The UNIFAC model is an efficient and practical thermodynamic prediction model based on GC methods. By knowing the groups in the mixture and the related group parameters, it can accurately calculate the activity coefficient of molecules in the system. Currently, the UNIFAC models for IL-involved systems (also known as the UNIFAC–IL model) have successfully fitted a large number of interaction parameters in the literature and have been widely used in IL screening or design for many typical separation processes.


By adopting the group decomposition method in Figure 3.2c, Song et al. [10] successfully extended the UNIFAC model to the extraction of desulfurization systems. They used thiophene, alkanes (hexane, heptane, octane), aromatics (benzene, toluene, ethylbenzene), and cycloalkanes (cyclopentane, cyclohexane, cycloheptane) to regress UNIFAC interaction parameters between solute groups and IL groups based on experimental γ. This included 7 cation skeleton groups, 13 anion groups, and 7 conventional groups. They explicitly provided the AARD between experimental γ and model-calculated γ for various solutes, followed by external validation by predicting the LLE behavior of 171 systems. The low AARD values during γ calculations and small root-mean-square deviation (RMSD) during LLE predictions fully demonstrate the reliability of the obtained model. Inspired by this encouraging result, they subsequently proposed a larger extension. They compiled a dataset of experimental γ data for 83 molecular solutes in 214 ILs, totaling 39 358 data points. These 83 solutes included various types of conventional molecular species such as alkanes, cycloalkanes, aromatics, olefins, ketones, alcohols, ethers, ketones, sulfur compounds, nitrogen compounds, and water, while the 214 ILs were from 9 cation families and 29 anion families. Therefore, the UNIFAC–IL extension results covered 21 conventional main groups, 9 cation skeleton groups, and 29 anion groups. Due to the fact that ILs were divided into independent cation skeletons, anions, and substituent groups, the UNIFAC–IL model could cover most ILs, and molecular solutes involved in relevant studies. Meanwhile, they also provided the AARD between experimental and calculated γ for various solutes and predicted a total of 860 ternary LLE systems and 99 ternary VLE systems for verification. These analyses demonstrate the predictive performance of the UNIFAC–IL model for different types of systems.

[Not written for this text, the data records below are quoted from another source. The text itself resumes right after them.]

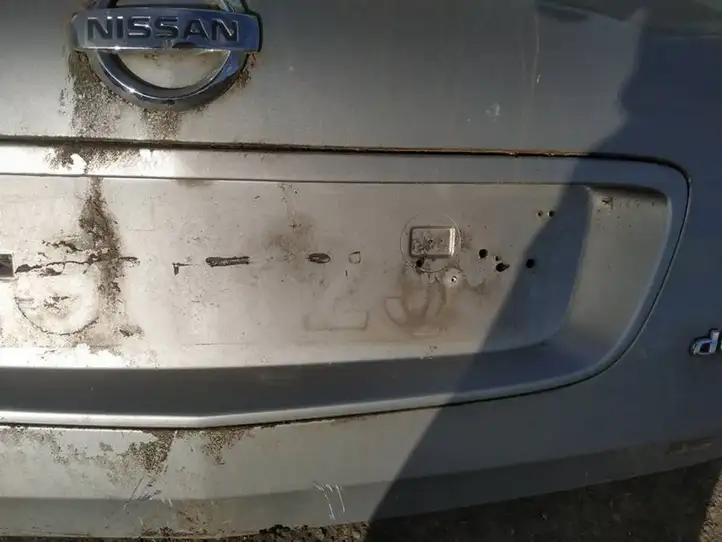 Nissan Primera (2001 - 2008) Подсветка номера — фото 3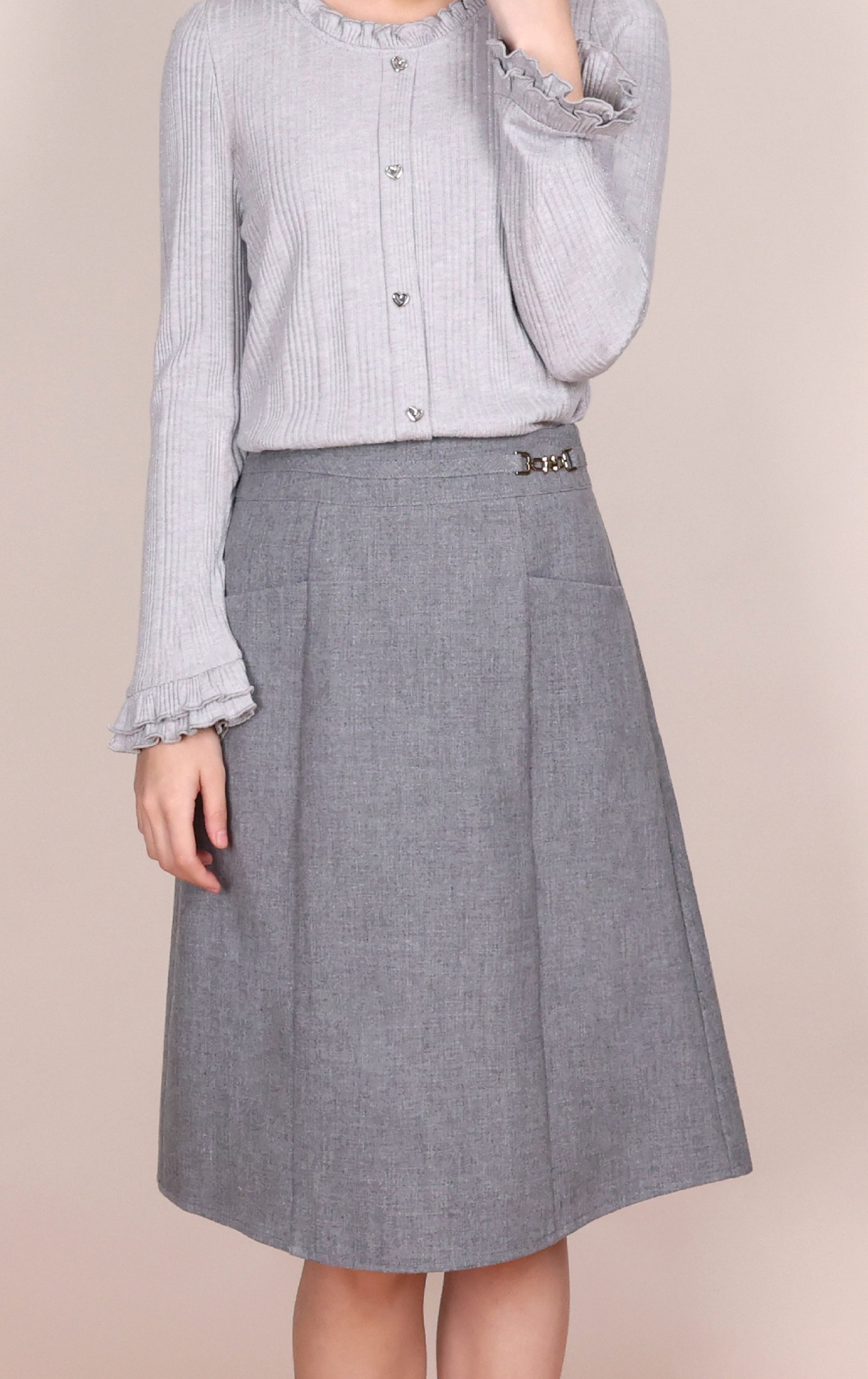 Sleek Tailored A-Line Skirt SK0838
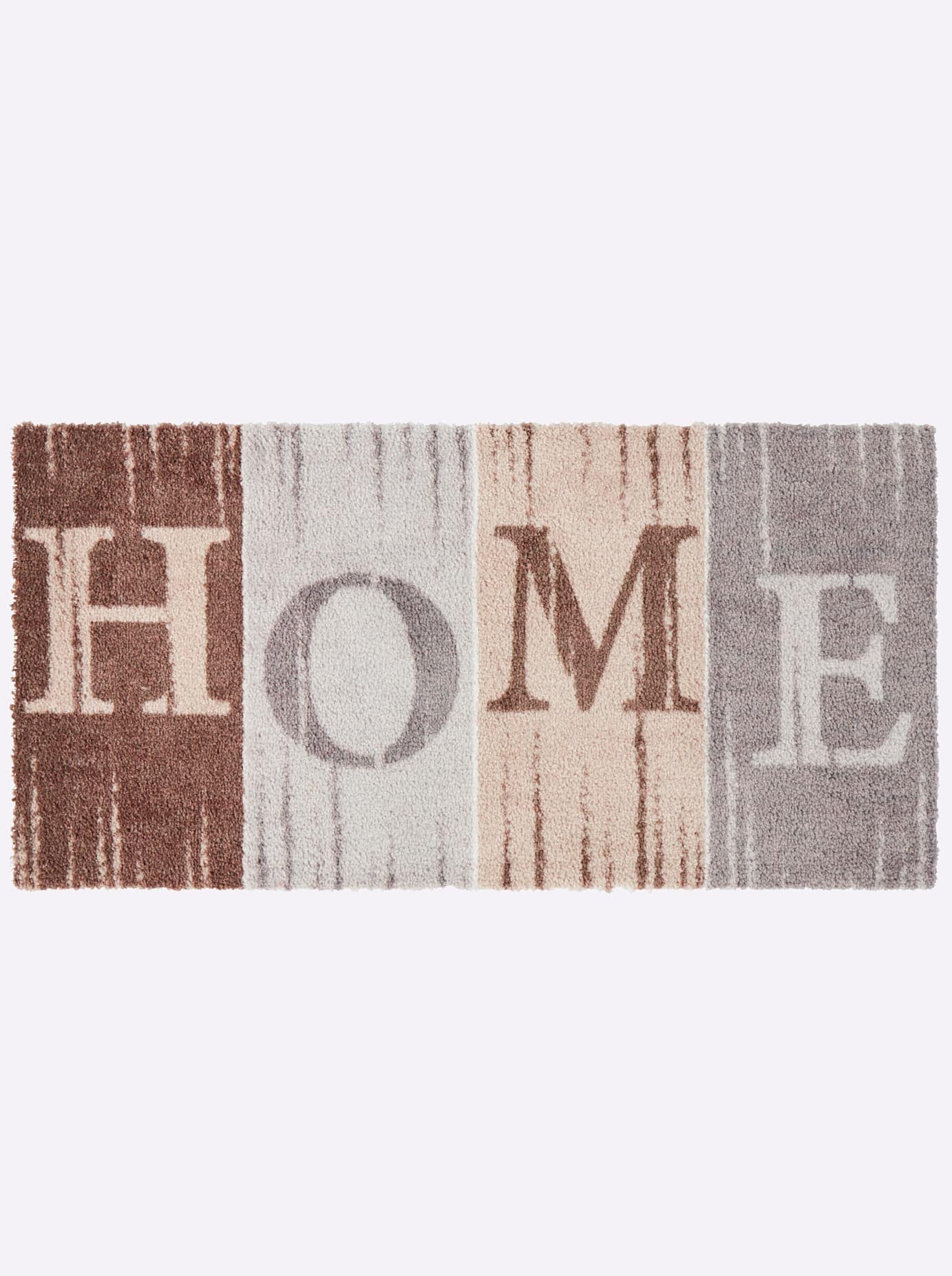 Akzente Feel Fußmatte rechteckig 7 mm Höhe in grau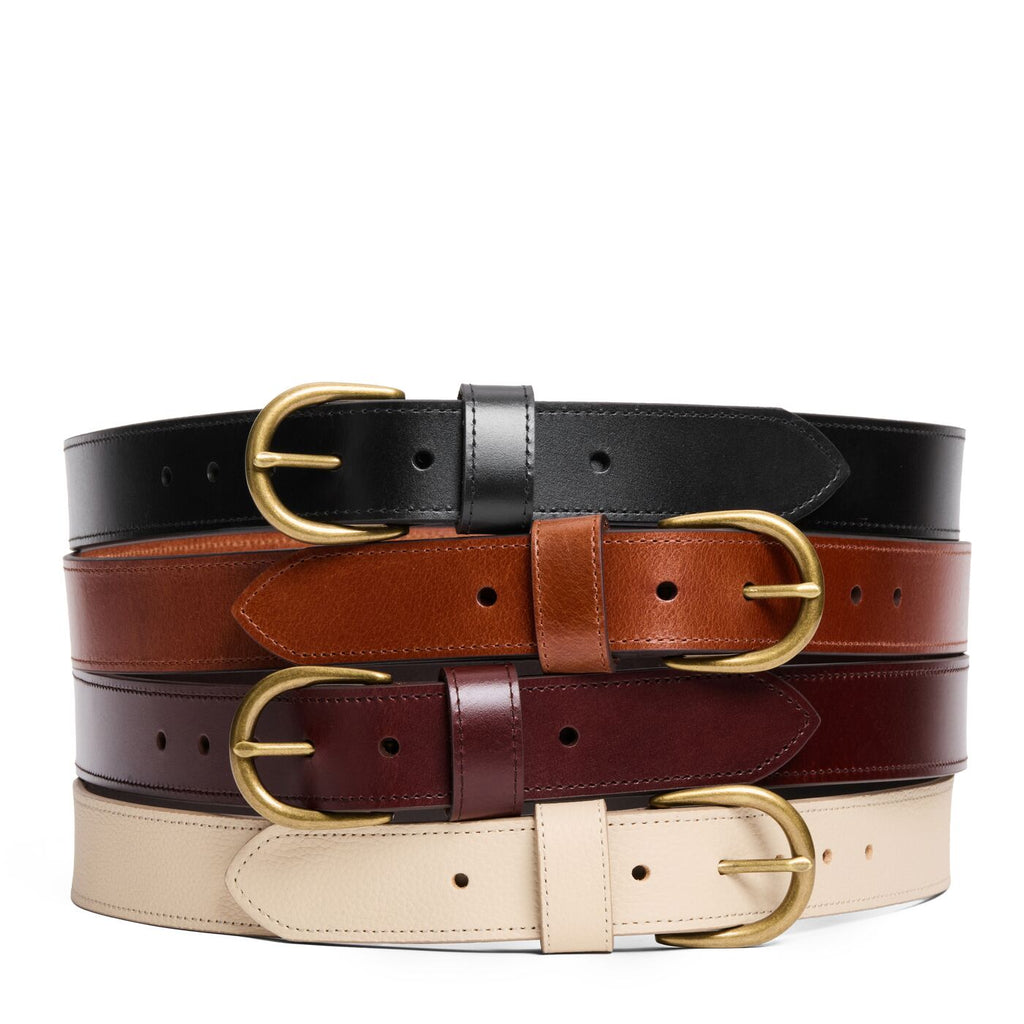 Women's Wide Loop Leather Belt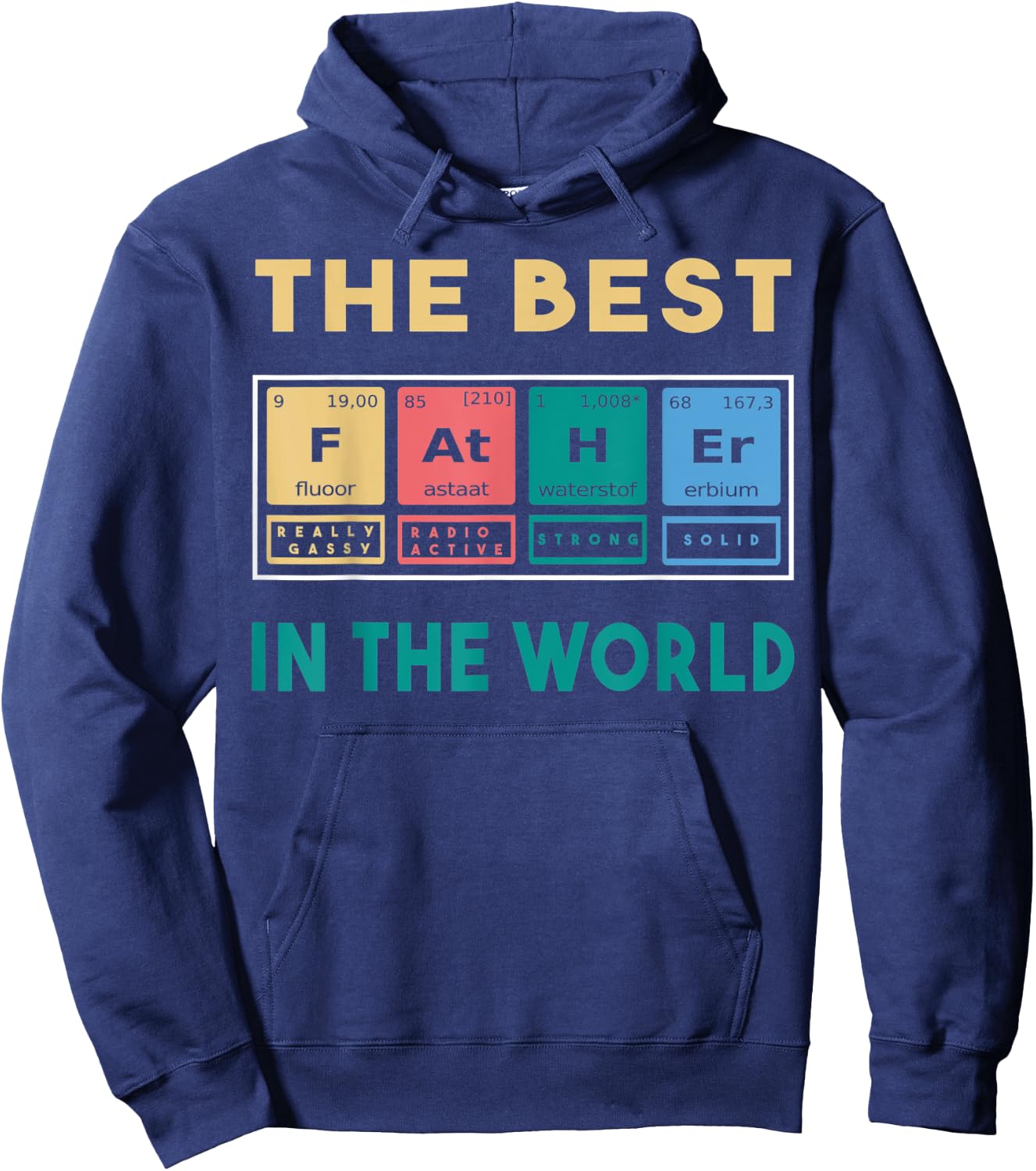 The best father in the world Hoodie - Hoodie | Navy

From the above extension of UNIFAC based on experimental data, it can be seen that due to the shortage and uneven distribution of available data, there are still a large number of missing parameters in the parameter matrix. To overcome this limitation, Song et al. [13] systematically evaluated the accuracy of COSMO–RS model in predicting γ of different solute families in various ILs based on a large experimental database. It was found that the AARDs between uncalibrated COSMO–RS predicted and experimental γ differ significantly, ranging from 22.78% for thiophene to 207.93% for CCl4. To reduce systematic errors associated with this model, they calibrated the solute families, but the AARD still ranged from 19.23% for carboxylic acids to 56.80% for alkanes. Therefore, it is not suitable to use COSMO–RS predicted data generally in the UNIFAC–IL expansion process, especially for solute series with large AARDs. In view of this, they only generated a calculated pseudo-experimental database based on calibrated COSMO–RS predicted values with AARDs less than 30% for 7 solute families (i.e. alcohols, esters, aldehydes, nitroalkanes, thiophene, pyridine, and H2O) to specifically fill in the missing 72 parameters in the UNIFAC–IL parameter matrix.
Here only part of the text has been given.